We had a very good season in northeast southcentral westeast North Dakota. Although bird numbers were down from last year, there were still opportunities for shooting a limit of birds for most of us each day. Over a week or so, I hunted with my 2 brothers and 4 cousins. Not all were there for the full week and this group included guys whose only hunt each year is the family gathering in ND. Lots, I mean LOTS, of misses for the casual hunters in the group. Stayed on for a 2nd week with one of my brothers.
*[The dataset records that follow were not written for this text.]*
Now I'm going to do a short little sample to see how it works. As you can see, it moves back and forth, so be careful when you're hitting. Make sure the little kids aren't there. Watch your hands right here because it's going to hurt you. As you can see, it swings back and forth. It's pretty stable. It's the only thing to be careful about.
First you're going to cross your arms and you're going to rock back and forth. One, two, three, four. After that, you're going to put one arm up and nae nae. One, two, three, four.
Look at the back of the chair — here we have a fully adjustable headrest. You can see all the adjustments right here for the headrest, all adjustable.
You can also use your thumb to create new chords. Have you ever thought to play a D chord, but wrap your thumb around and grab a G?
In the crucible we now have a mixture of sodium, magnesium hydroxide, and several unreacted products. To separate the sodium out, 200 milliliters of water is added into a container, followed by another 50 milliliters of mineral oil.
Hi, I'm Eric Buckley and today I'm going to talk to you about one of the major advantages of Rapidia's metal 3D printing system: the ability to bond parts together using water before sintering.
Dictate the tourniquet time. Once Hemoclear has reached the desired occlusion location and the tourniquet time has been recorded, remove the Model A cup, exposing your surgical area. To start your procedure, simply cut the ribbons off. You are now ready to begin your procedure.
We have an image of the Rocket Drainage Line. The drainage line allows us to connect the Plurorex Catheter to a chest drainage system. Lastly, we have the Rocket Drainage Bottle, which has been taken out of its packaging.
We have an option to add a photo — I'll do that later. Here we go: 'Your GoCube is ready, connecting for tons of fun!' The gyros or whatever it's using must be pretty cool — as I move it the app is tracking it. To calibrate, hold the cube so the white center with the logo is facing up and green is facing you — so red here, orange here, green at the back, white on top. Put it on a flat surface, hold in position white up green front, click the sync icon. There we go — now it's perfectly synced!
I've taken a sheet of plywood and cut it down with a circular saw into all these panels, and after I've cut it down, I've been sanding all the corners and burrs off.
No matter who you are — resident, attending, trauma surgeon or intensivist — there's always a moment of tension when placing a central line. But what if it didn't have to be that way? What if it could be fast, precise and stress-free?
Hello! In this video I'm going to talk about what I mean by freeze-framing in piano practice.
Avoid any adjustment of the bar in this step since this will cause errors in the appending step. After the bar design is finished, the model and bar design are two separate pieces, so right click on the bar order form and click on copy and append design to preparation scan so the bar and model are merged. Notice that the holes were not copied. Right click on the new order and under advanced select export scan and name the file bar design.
I had 5 or 6 limits in 11 days of hunting, which included 2 days in which I was skunked (= 0 birds). Probably shot 22-23 pheasants in total. We ate a bunch. And I got literally skunked on the 2nd day of the trip (note to self: when your Lab pounces on a patch of brush and no bird erupts, you might want to consider the possibility that it's a skunk or porcupine at the bottom of that brush patch before you rush in to flush the bird that wouldn't flush for the dog).

Highlight for me may have been the accomplishment of the Small Bore Challenge, a goal I concocted to spice things up. Don't misunderstand this as cockiness -- I'm an average shot and grateful for every bird I bring to the game bag. On November 20, with a Plains snow storm enveloping my brother and me, I was able to shoot a day's limit with 20, 28 and 410 gauge shotguns. Oddly the toughest bird of the 3, the first of the day, was an easy going-away shot with the 20 ga., which went down a runner on the 3rd shot. Only excellent dog work saved that bird for me. The 28 and 410 gauge birds went down like a sack a bricks with one shot each. It was fun and I was really pleased when the 3rd bird fell.

Already thinking about next year. One of my brothers suggest that I toughen the Small Bore Challenge -- 3 different birds (pheasant, Hun, Sharptail) with 3 different gauges (20, 28, 410) in one day. Now that's a challenge!


----------